Focus Europe 2013
Focus Europe 2013 (Dave Cutler)

Transactional lawyers across Europe are breathing a tentative sigh of relief over increasing signs that the gears of corporate dealmaking may finally be starting to turn.

Growing economic stability and a loosening of the credit markets has seen M&A activity in Europe, which in 2009 had slumped to its lowest level in more than a decade, start to recover in earnest. Buoyed by some bumper deals—such as U.K. telecom giant Vodafone Group Plc’s $130 billion sale of its 45 percent stake in Verizon Wireless to Verizon Communications Inc.—the aggregate value of announced M&A transactions involving Eurozone-based companies rose more than 30 percent to $284.5 billion in the first three quarters of 2013, according to the latest data from Mergermarket Ltd. European M&A totaled $156.3 billion in the third quarter of 2013—a 42 percent increase over the same period the previous year—with cross-border activity hitting a 15-month high of $101.1 billion.

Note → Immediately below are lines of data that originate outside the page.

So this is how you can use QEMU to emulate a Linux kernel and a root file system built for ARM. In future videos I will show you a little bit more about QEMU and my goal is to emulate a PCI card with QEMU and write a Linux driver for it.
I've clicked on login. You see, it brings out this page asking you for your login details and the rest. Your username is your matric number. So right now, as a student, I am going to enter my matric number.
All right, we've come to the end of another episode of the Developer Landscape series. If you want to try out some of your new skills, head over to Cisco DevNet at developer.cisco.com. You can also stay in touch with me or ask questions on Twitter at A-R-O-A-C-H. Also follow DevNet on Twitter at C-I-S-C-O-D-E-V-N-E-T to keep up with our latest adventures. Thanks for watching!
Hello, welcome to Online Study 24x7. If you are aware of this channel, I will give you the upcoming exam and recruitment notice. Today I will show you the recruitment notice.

The restarting of corporate dealmaking will be welcome news to Europe’s top law firms, given that the malaise plaguing the region’s transactional markets had caused revenues to flatline. In the U.K., Allen & Overy and Linklaters both saw their revenue inch up by less than 1 percent in the most recent fiscal year, while fellow Magic Circle firm Clifford Chance suffered a 2.5 percent dip to its top line.

“The last few years have been very depressed [in terms of M&A activity], but there’s now a sense of real optimism,” says Roger Barron, Linklaters corporate partner and technology, media and telecommunications (TMT) cohead. “The core fundamentals are back—a number of companies are sitting on cash and are looking to use it; the debt markets are much better, with traditional and alternative finance providers looking to place funds; and the general economic outlook is more stable, which is crucial as it’s uncertainty that really causes problems for the M&A market. The outlook is much more positive.”

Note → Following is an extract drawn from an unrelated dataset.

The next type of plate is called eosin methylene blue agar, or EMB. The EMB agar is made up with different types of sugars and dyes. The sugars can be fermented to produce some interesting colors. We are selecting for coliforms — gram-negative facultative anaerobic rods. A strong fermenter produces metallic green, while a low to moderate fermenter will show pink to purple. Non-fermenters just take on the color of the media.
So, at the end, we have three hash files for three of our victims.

But while the increased volume and value of M&A deals within Europe are giving lawyers cause for renewed optimism, the figures were skewed quite substantially by a relatively small number of megadeals. At $130 billion, Vodafone-Verizon is the biggest M&A deal in more than a decade and the third-largest in history, after Vodafone’s $203 billion takeover of Germany’s Mannesmann AG in 1999 and America Online Inc.’s $181 billion acquisition of Time Warner Inc. the following year. Without such colossal transactions, the marketwide figures don’t look quite so positive. (Vodafone-Verizon also has had a profound impact on the law firm league tables: The firms acting on that deal make up the top eight places of Mergermarket’s European M&A advisor rankings by aggregate deal value [see chart, page 22]. The list is headed by 345-lawyer Dutch firm De Brauw Blackstone Westbroek, which leapt from 44th last year thanks to an increase of more than 1,000 percent in its total M&A deal value.)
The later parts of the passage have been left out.